An exact copy of the data below is needed; please leave out any pictures.

Start of Data excerpt

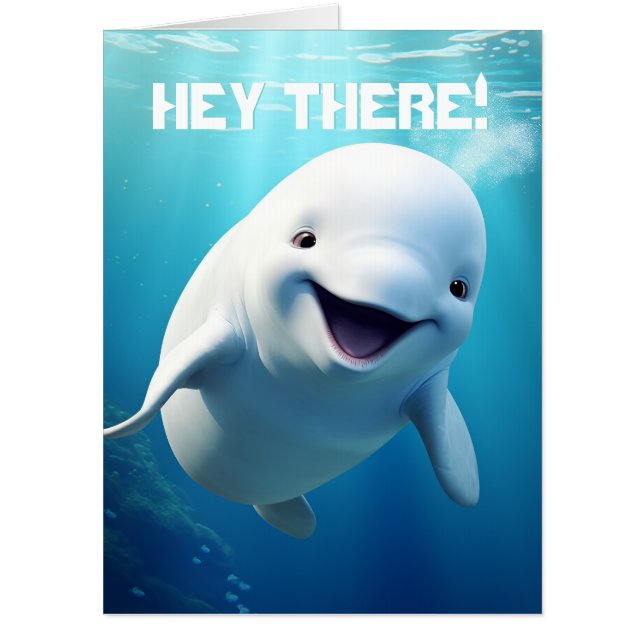 Beluga Whale Cartoon Blue Arctic Ocean Birthday Card (Front)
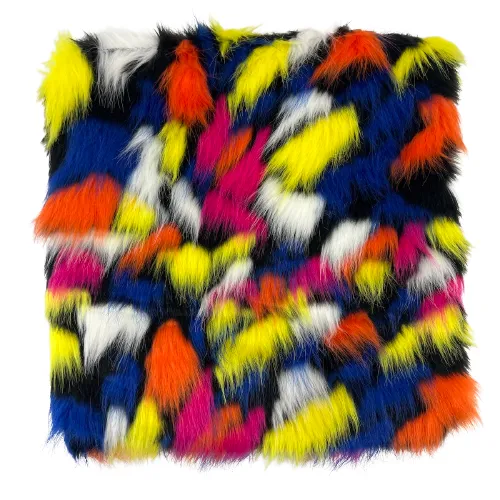 Blue | Orange | Yellow | White Puzzled Multicolor Faux Fur Fabric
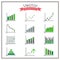 Business Infographic Colorful set Charts and Diagrams gray Green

End of Data excerpt

→ **Written solution**:
 Beluga Whale Cartoon Blue Arctic Ocean Birthday Card (Front)
 Blue | Orange | Yellow | White Puzzled Multicolor Faux Fur Fabric
 Business Infographic Colorful set Charts and Diagrams gray Green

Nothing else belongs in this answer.